About this task:
Look below for the line with "T&eacute;cnicos de la". Retype it and every line after it to the end, exactly, but leave out the pictures.

Task input section start

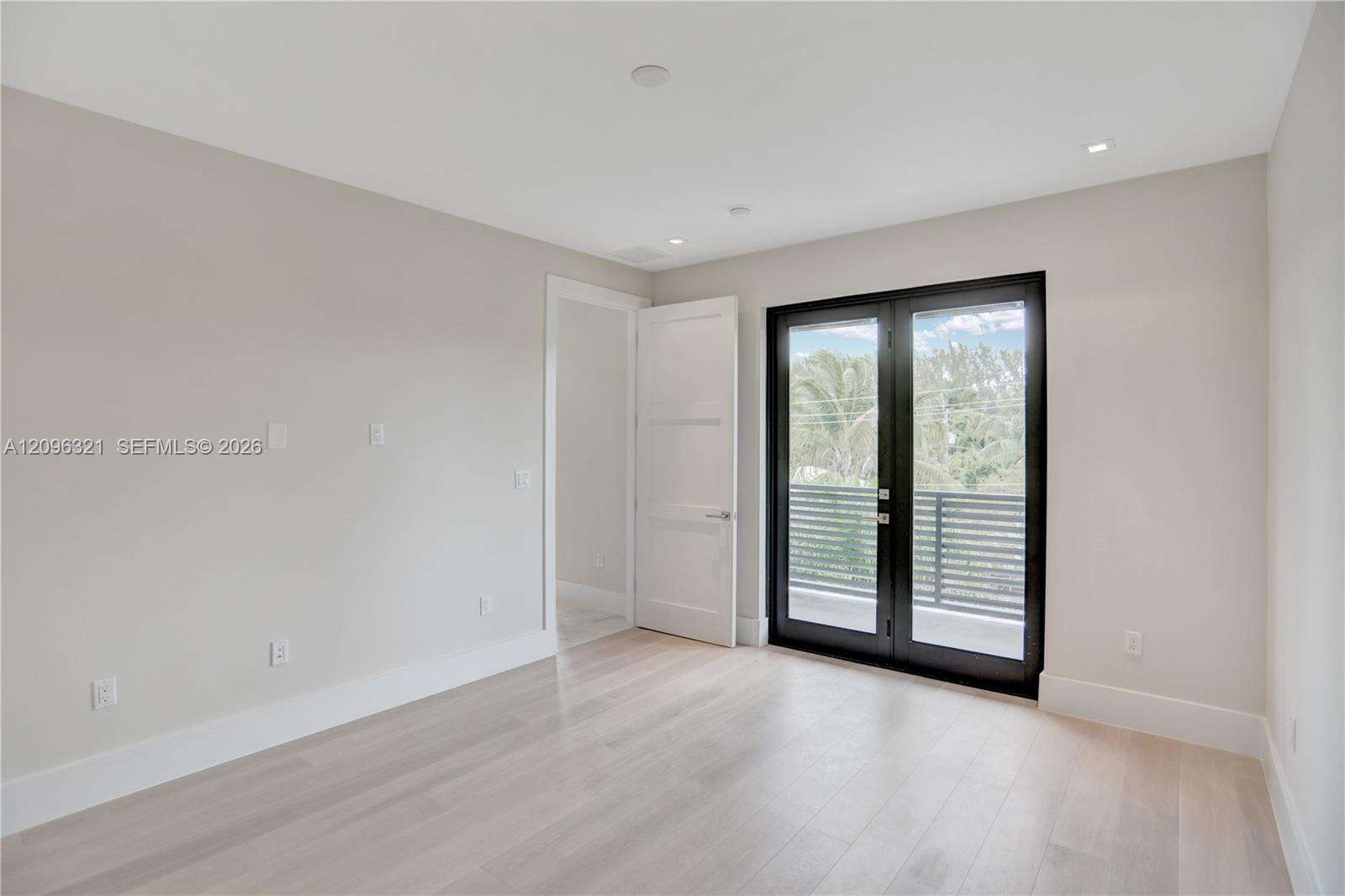 3550 Glencoe St, Miami, FL 33133 - For Sale photo 26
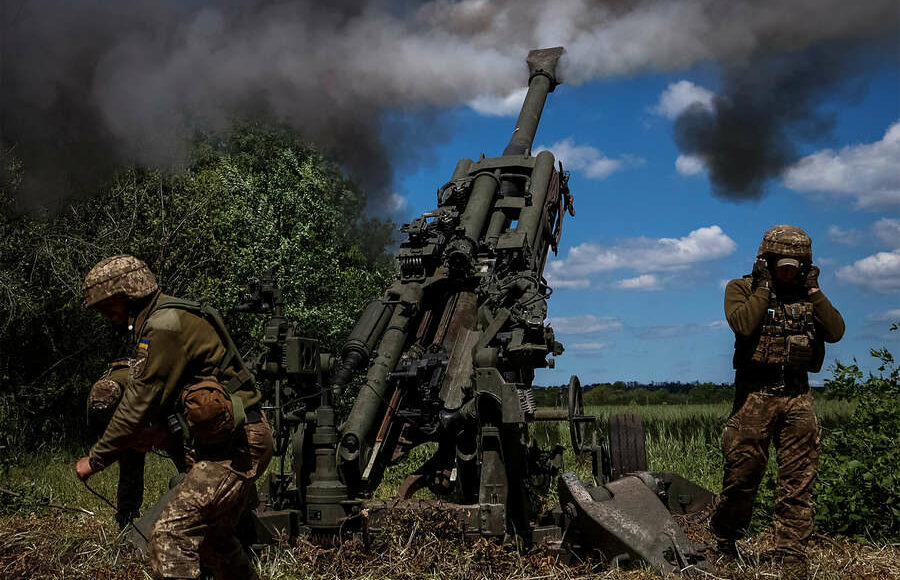 На Слов’янському напрямку ворог не припиняє артилерійські обстріли, ЗСУ відбивають штурми ворогів, - Генштаб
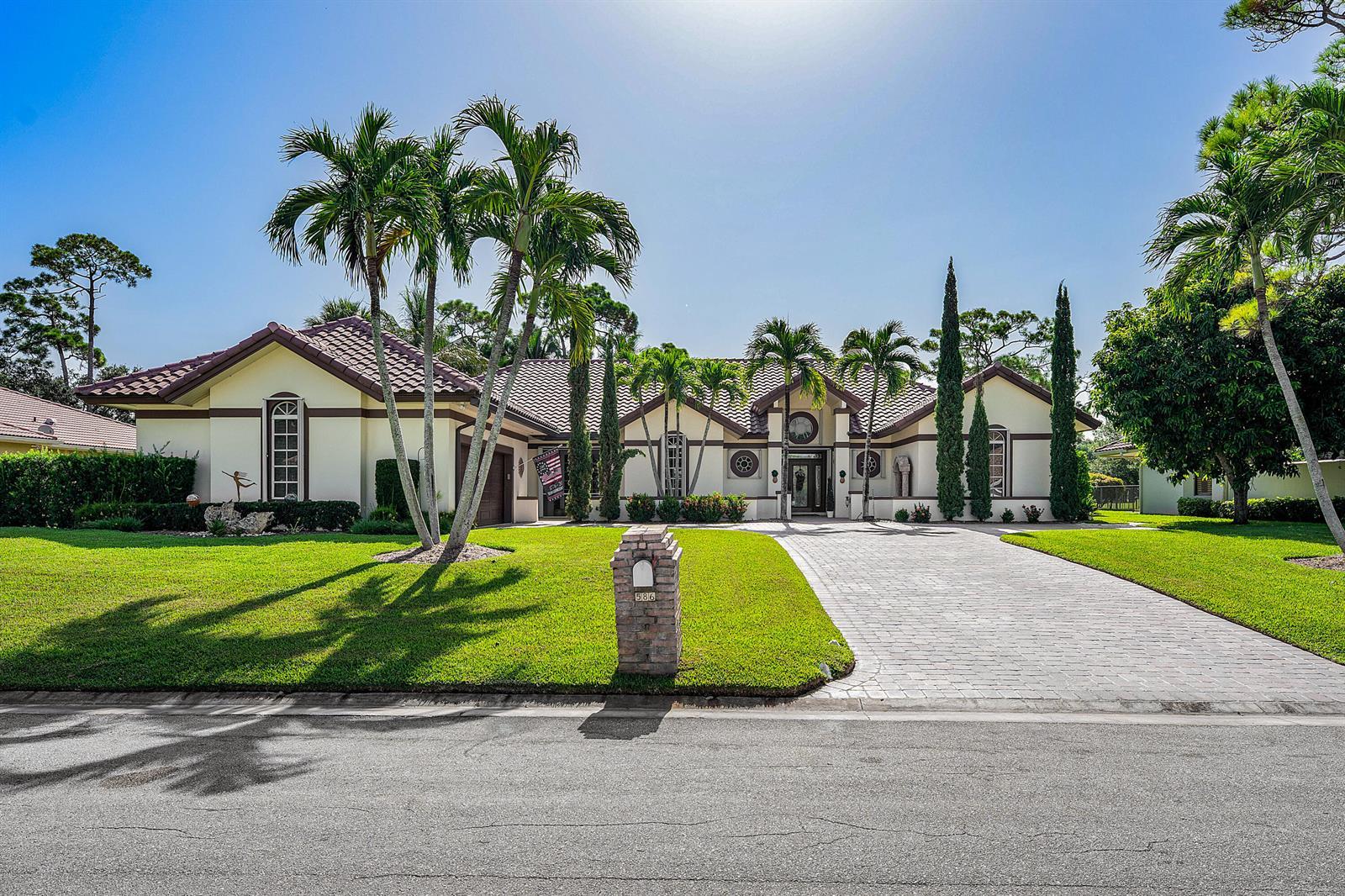 586 N Country Club Drive, Atlantis FL 33462 photo 4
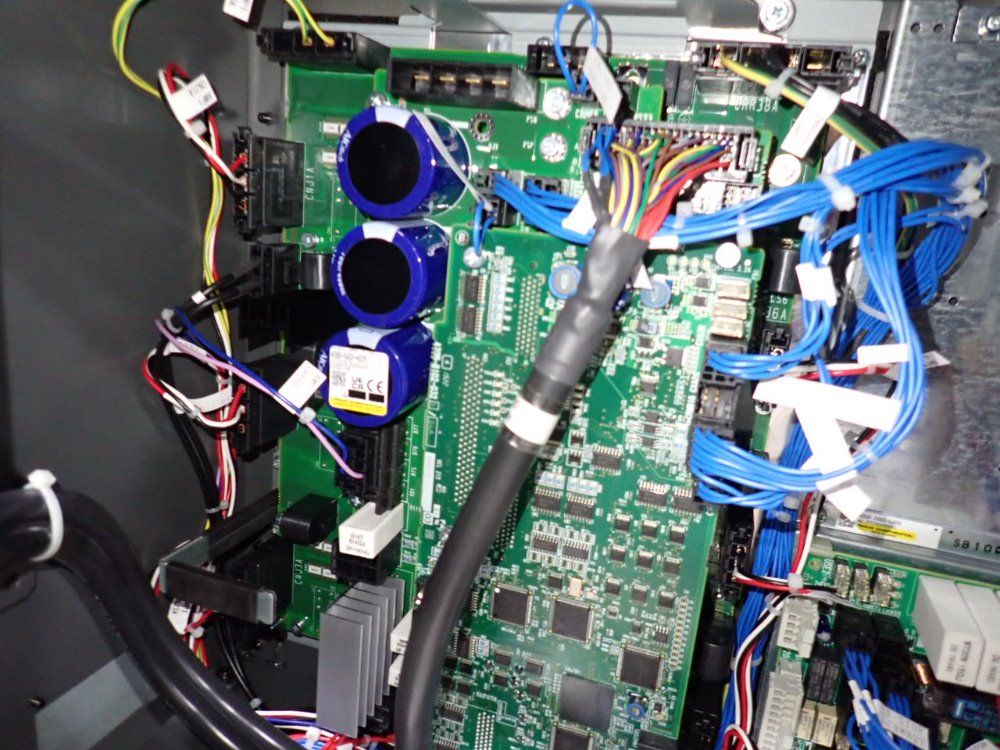 Fanuc Robot Controller - A05b-2651-b021 / R-30ib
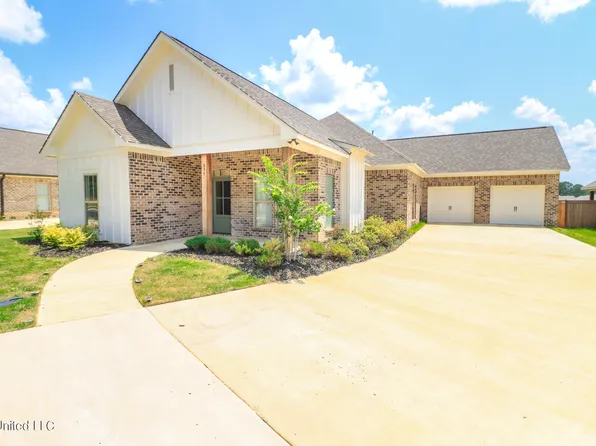 839 Long Leaf Cir, Brandon, MS 39042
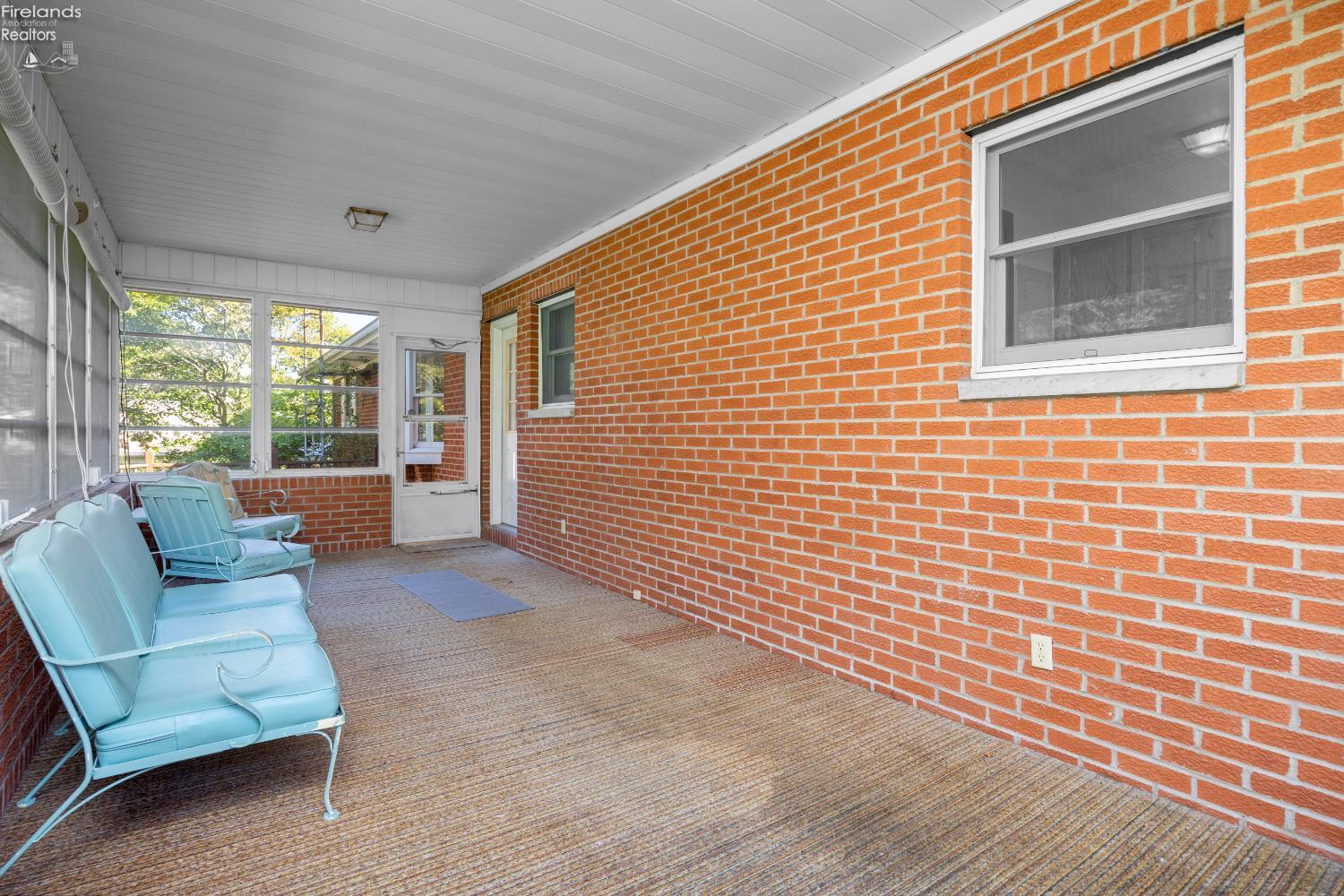 718 Vine Avenue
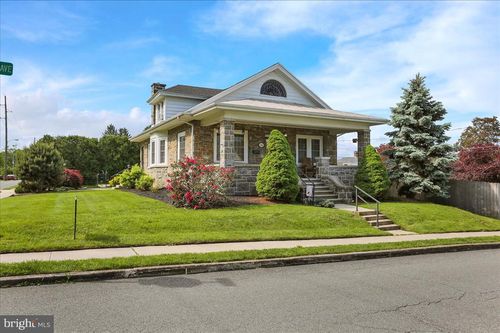 1016 Elnore Ave, TEMPLE, PA, 19560-1830 | Card Image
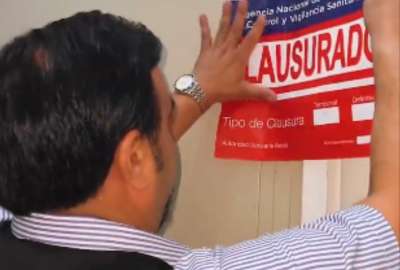 T&eacute;cnicos de la Arcsa ejecutaron operativos en establecimientos de cadena de supermercados tras denuncia de presencia de cucarachas.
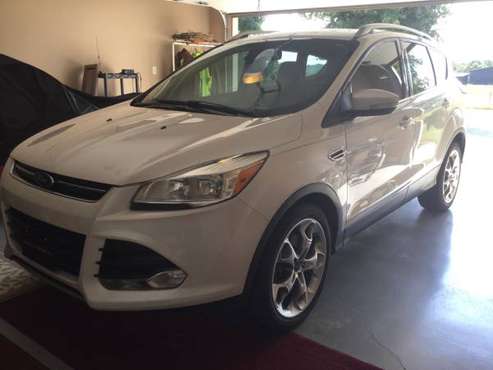 2015 Ford Escape Titanium - cars & trucks - by owner - vehicle... for sale in Pittsburg, KY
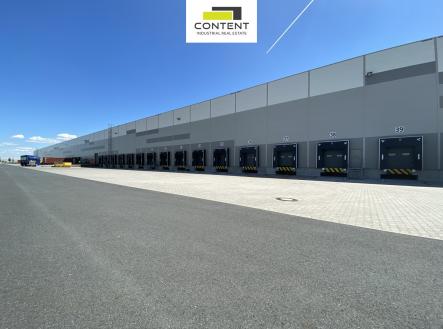 Pronájem - skladovací prostor, 9 786 m²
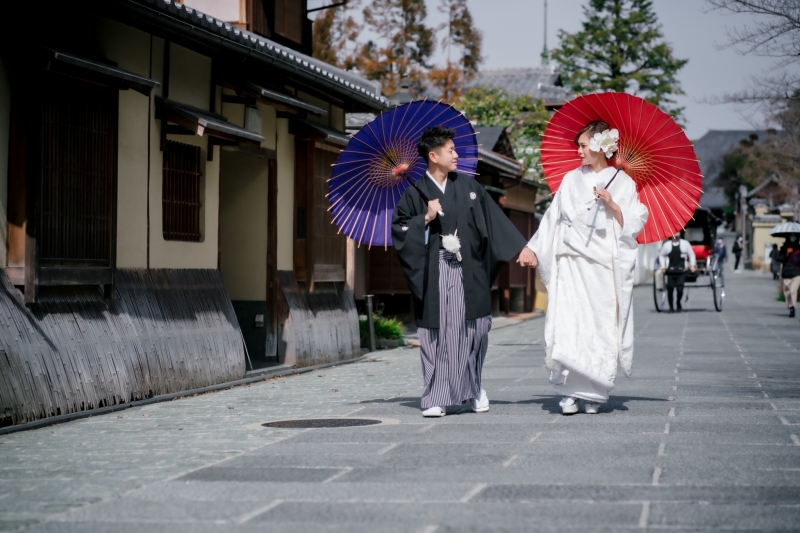 色打掛から白無垢にチェンジ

Task input section end

Output of the task:
 T&eacute;cnicos de la Arcsa ejecutaron operativos en establecimientos de cadena de supermercados tras denuncia de presencia de cucarachas.
 2015 Ford Escape Titanium - cars & trucks - by owner - vehicle... for sale in Pittsburg, KY
 Pronájem - skladovací prostor, 9 786 m²
 色打掛から白無垢にチェンジ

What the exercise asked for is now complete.